The B.C. Securities Commission rejected both arguments holding that the “enforcement process” referenced in the COEA is substantially different than a preservation order under the Securities Act (British Columbia), and the COEA nevertheless expressly exempts enforcement processes arising from an order made under the Securities Act (British Columbia). In respect of the PBSA, the B.C. Securities Commission held that the COEA expressly specified that its provisions prevailed in the event it was inconsistent with another act. Alternatively, the B.C. Securities Commission resorted to its finding that the provisions of the PBSA do not apply because the preservation order was not an “execution, seizure, or attachment” of funds in the individual’s registered accounts.

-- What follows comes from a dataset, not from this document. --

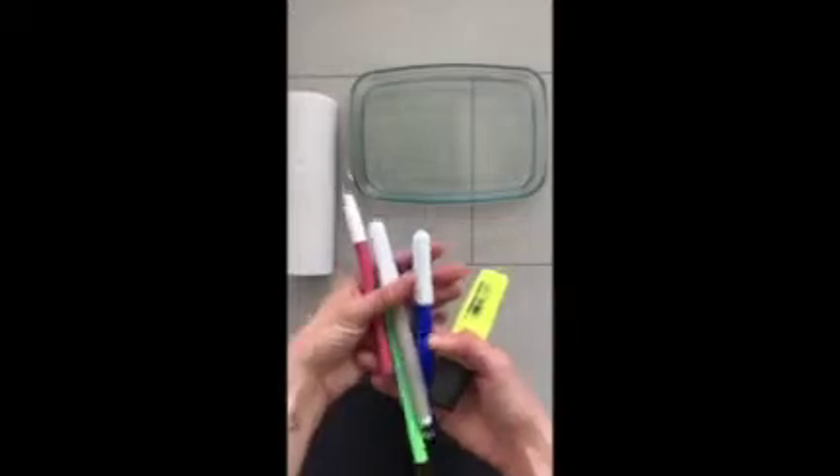Now if you want to do this at home too, you'll need a pan full of water, a bit of paper towels, kitchen towels, and any colors you want.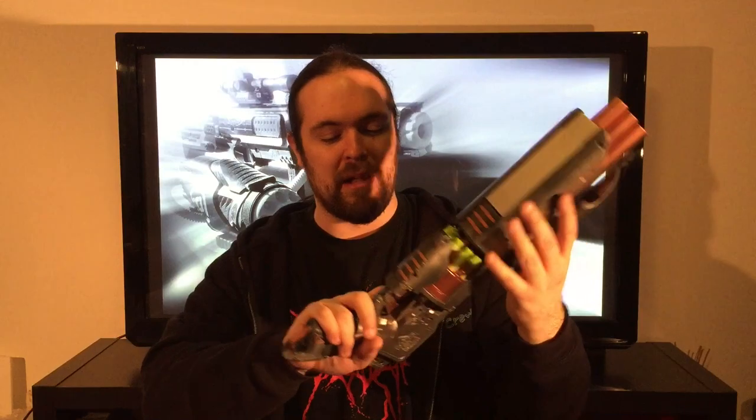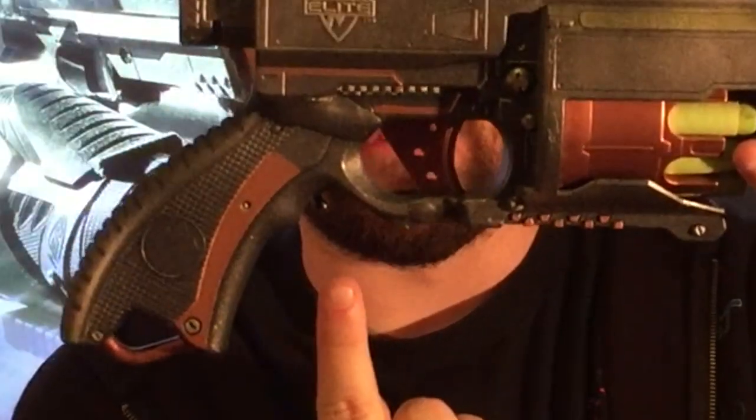It's a very comfortable blaster — fits the hand well. I usually don't like the Rough Cut grip and just cut them off, putting them into a permanent slam fire mode, but this grip is pretty darn comfortable. You can see the rev trigger right here — it's in a pretty good location — and the trigger is very smooth.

Michael Patrick Lathigee v. British Columbia Securities Commission, 136 Nev. Adv. Op. No. 79
Efforts to enforce disgorgement orders made by the B.C. Securities Commission in Nevada were successful after the Nevada Supreme Court found disgorgement orders not to be a fine or other penalty (which would be excluded from enforcement pursuant to Nevada law) because the disgorgement order represented the exact amount of money defrauded from investors. As any monies recovered would be returned to the defrauded investors, the court found that the disgorgement award was remedial, not punitive. Furthermore, the court also held that the B.C. Securities Commission’s order would be upheld under the doctrine of comity (that courts of one country may give effect to the laws and judicial decisions of another). In doing so, the Nevada Supreme Court referenced the long border between Canada and the United States, the cooperation shared between the countries’ respective securities regulators, and the general cooperation between the two countries.
Last, a notable mention to In the Matter of ESW Capital, LLC and Optiva Inc., whereby exemptive relief was sought to the minimum tender requirements for a takeover bid by the largest shareholder of Optiva. Although heard in mid-September, the Ontario Securities Commission’s reasons for dismissing the application remain under reserve. Once released, the reasons will likely address the balance between certainty in the application of takeover bid rules versus shareholder choice.
1 Canada maintains a long history of relying on principles of U.S. securities jurisprudence. As far back as 1978, the Supreme Court of Canada in Pacific Coast Coin Exchange v. Ontario Securities Commission, [1978] 2 SCR 112 considered American jurisprudence and imported the term “investment contract” into the definition of “security”.